NREL solar scientists epitomize teamwork
A Colorado carpenter's son, an African American from Indiana, a post-doctoral researcher from Senegal, and a young woman from China are working together to solve one of the most important problems in solar-cell efficiency.
When they're not laughing with each other, or meeting with a group of 20 to share strategies, the foursome of scientists at the U.S. Department of Energy's National Renewable Energy Laboratory is trying to control semiconductors' band gaps to make solar cells less expensive and more efficient. And along the way they're attempting to solve fundamental scientific questions about the nature of new opto-electronic materials.
They're the new face of science - collaborative and diverse, living proof that the age of the solo scientist shouting "Eureka!" has been replaced in the 21st century by multi-disciplinary teams with complementary skills.
David Ginley, the son of a carpenter, who grew up in suburban Denver near NREL's Golden, Colo., campus, leads the team.
He is joined by Joe Berry, a senior scientist, who hails from Indiana; Yi Ke, a graduate student from China who is doing her doctoral dissertation work at Colorado School of Mines and is experimenting with materials in NREL's Pulse Laser Deposition (PLD) lab; and Paul Ndione, the post-doc who oversees the PLD.
NREL team searching for better top layer
Despite tremendous gains made in processing and developing solar cells, most arrays on individual rooftops or in grid-connected solar fields still operate well below the nearly 30 percent theoretical conversion efficiency possible for a single absorber device.
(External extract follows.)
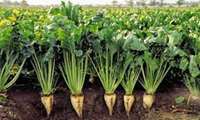 Research on different types of sugar plants by Iran Sugar Beet Seed Breeding Research Institute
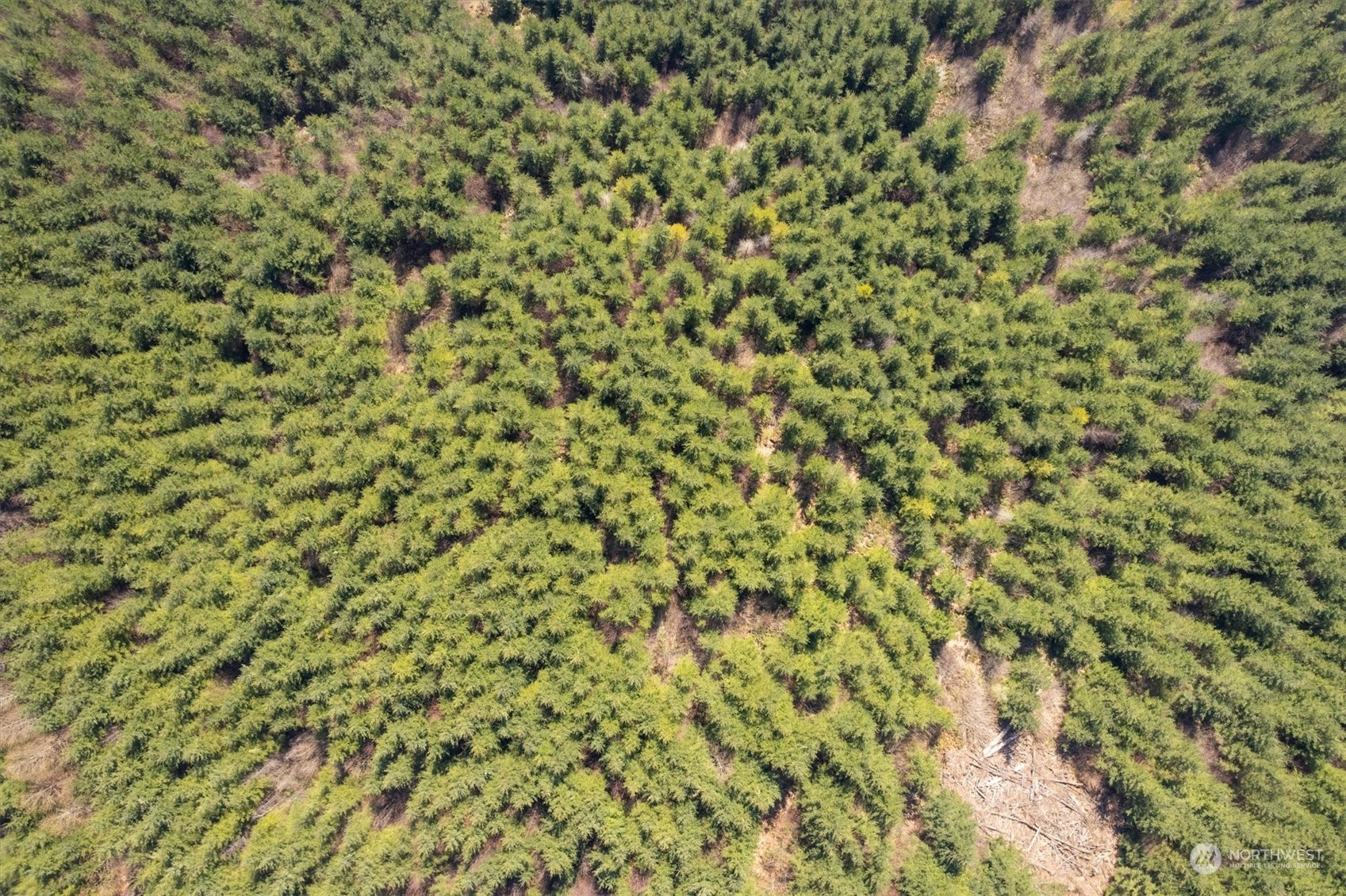 0 Northeast Cedar Mist Road Amboy, WA 98601 - Photo 9 of 17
There are many opportunities to significantly improve the existing efficiency, sometimes while reducing the cost.
That means any breakthrough to add a percentage point or two to that efficiency is huge, and a big step toward making clean solar energy competitive with fossil fuels.
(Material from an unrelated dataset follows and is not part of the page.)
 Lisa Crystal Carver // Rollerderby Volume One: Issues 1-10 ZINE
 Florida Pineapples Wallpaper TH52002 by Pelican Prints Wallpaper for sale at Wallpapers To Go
Most solar photovoltaics are composed of an active semiconductor absorber that absorbs the light, a junction to turn photons into charge carriers, and contacts to efficiently remove the carriers without blocking light. To accomplish this, the top layer, the one facing the sun, needs to be both transparent and able to conduct electrons with very little loss.
It's that top layer that is the subject of the NREL team's work. Lately, solar manufacturers have been using indium tin oxide for that transparent conducting oxide layer. However, indium is difficult to extract and is very expensive. So, scientists are searching for alternatives.
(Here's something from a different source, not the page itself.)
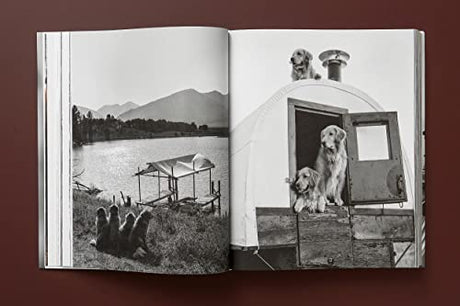 The Golden Retriever Photographic Society - Retail Maharaj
Zinc oxide is a promising candidate because it is both highly transparent and conductive, as well as being much more abundant, Ke said. It is also about 1 percent of the cost of indium tin oxide.
Ginley and his team want to add magnesium to the zinc oxide to improve its transparency and then to dope the ZnMgO with another material to boost its conductivity, all in the name of developing more efficient and more cost-effective solar cells.